/the-gatherer

Ruby based framework to streamline data collection, storage and analysis tasks.

Primary LanguageRubyMIT LicenseMIT

OUTRIDER

Introduction

Outrider provides tools and structure for managing multiple web scraping and data analysis tasks. It provides a command-line interface to a powerful API, useful for collecting, cleaning, storing and analysing data from the web.

Outrider lets you create multiple projects, each relating to a specific domain. Once set up, you use simple commands to run specific tasks for specific projects.

How to get started

  • Download Outrider using the command line git clone https://github.com/deadlysyntax/outrider.git and change into the new directory in your terminal.
  • Install dependencies bundle install.
  • Setup the database by importing ./config/schema.sql into MySQL - mysql -u username -p database_name < ./config/schema.sql
  • Create the database config file in your home directory ~/.outrider/config/database.yml for storing environment-based database configuration.
host:     localhost
username: root
password: root
database: outrider
adapter:  mysql2
  • Create a new project rake project:build['project_name','http://domain.com'] - giving it a name and the url of the domain you want to work with. This sets up the project in the database and generates a new folder in ./projects. It creates a file called auxiliary.rb within the new project folder.
  • In each project's auxiliary.rb file is where we define our functionality specific to that new project (for example, to define what content to pull from each page on a domain).
  • Run ./lib/ignite.rb command -p project_name to initiate each task.

###Auxiliary file

As mentioned above, when you create a new project, Outrider creates a new auxiliary.rb file within the project's folder. This file is where you create the functions that map to the command line interface. If you type ./lib/ignite.rb crawl -p project_name, Outrider will look for a crawl method inside auxiliary.rb and run that function. Within those auxiliary functions, you have access to the full Outrider API. The API provides a range of common functionality.
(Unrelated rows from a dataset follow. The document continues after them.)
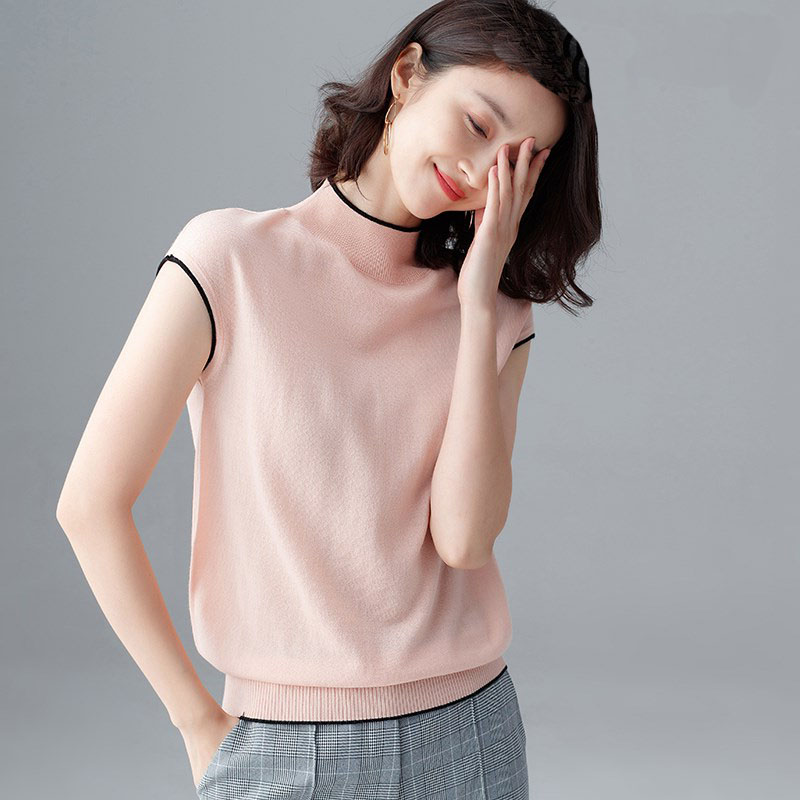 薄款针织衫短袖上衣2020新款立领内搭打底女人味t恤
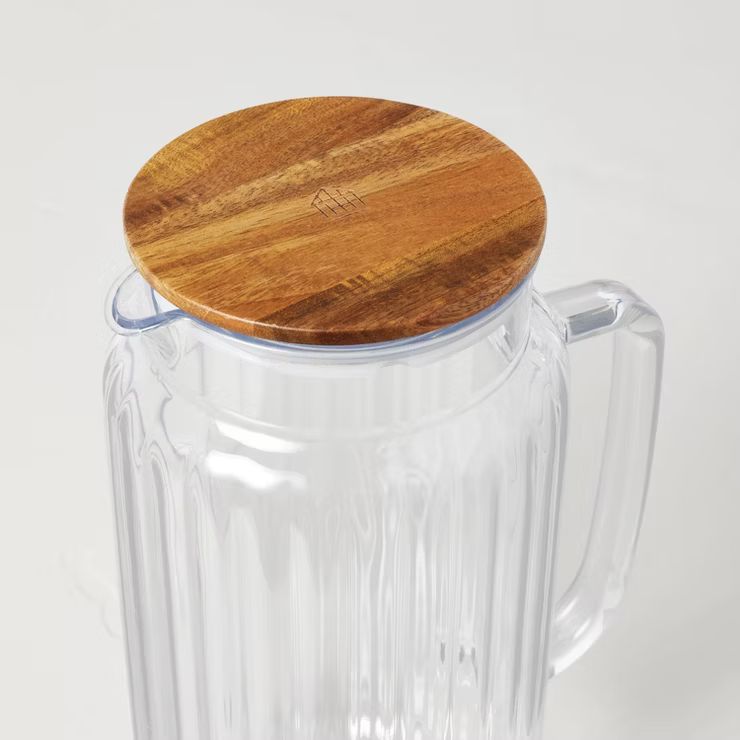 86oz Ribbed Clear Plastic Beverage Pitcher with Wood Lid - Hearth & Hand™ with Magnolia | Target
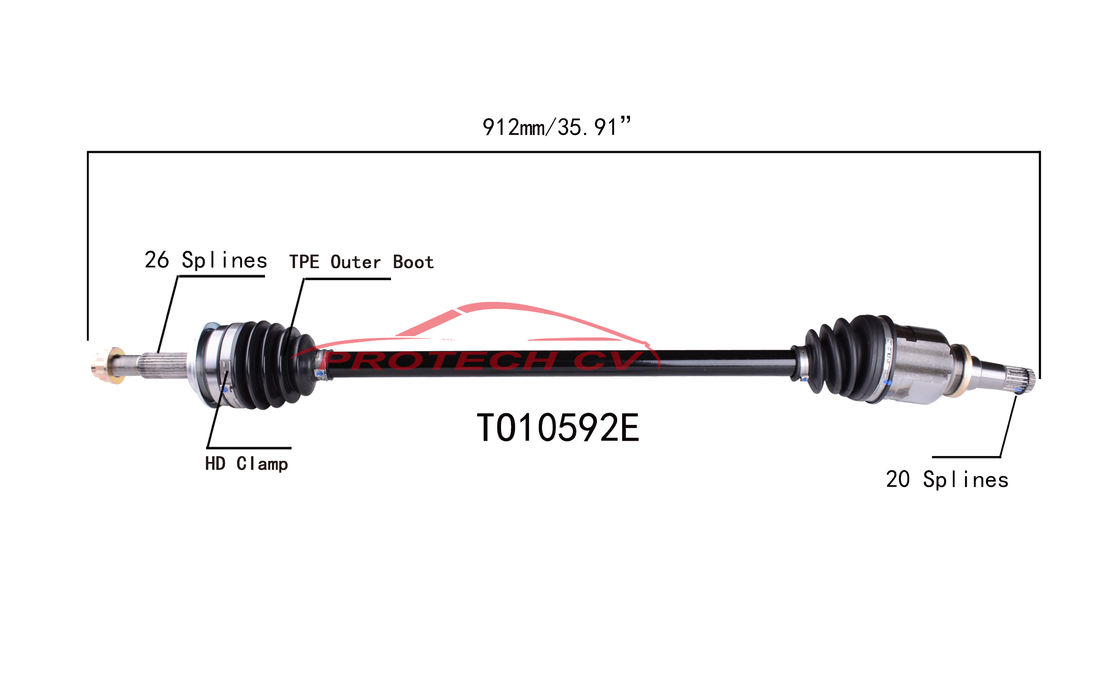2012-2020 Toyota Front Right Axle Shaft Assembly 20CrMnTi Steel Heat Treatment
# creates a new project file
rake project:build['nz_herald','http://nzherald.com']

# /projects/nz_herald/auxiliary.rb

# crawl method maps to the first argument passed to the command line
def crawl options
	# This method is part of the Outrider API, which you have access to within your auxiliary.rb file
	# @config passes our specific project data to the method
	# the second argument is a callback which recieves the Nokogiri page object for every age that it visits. http://www.nokogiri.org/tutorials/searching_a_xml_html_document.html
	OutriderTools::Crawl::site( @config, ->(page, uri){
		# Select elements from the page using css selectors
	  	unless(  page.css('.articleTitle').text.strip.empty? )
			# Do any data processing from the page
	    	clean_date = DateTime.strptime(page.css('.storyDate').text.strip, '%a %b %d %H:%M:%S %Z %Y').to_s #Tue Mar 03 08:27:23 UTC 2015
			# Set the fields that get stored in the database for each page visited
	    	return {
	    		:title_raw                 => page.css('.articleTitle').text.strip,
				:author                    => page.css('.authorName a').text.strip,
	      	  	:content_raw               => page.css('#articleBody p').map{ |paragraph| paragraph.text.strip }.to_json,
	      	  	:date_published_raw        => page.css('.storyDate').text.strip,
	      	  	:date_published_timestamp  => clean_date,
	      	  	:status                    => 'scraped'
	    	}
	  	else
	    	return {
	      	  :status              => 'rejected'
	    	}
	  	 end
	})
end

How it works

Command Line Interface

Outrider's goal is to provide a conventional way to create data scraping projects and run tasks for each project, and to make it so that once a task is created, it's easy to run regularly. Your interface for running tasks is the command line. Here I will describe the anatomy of an Outrider command.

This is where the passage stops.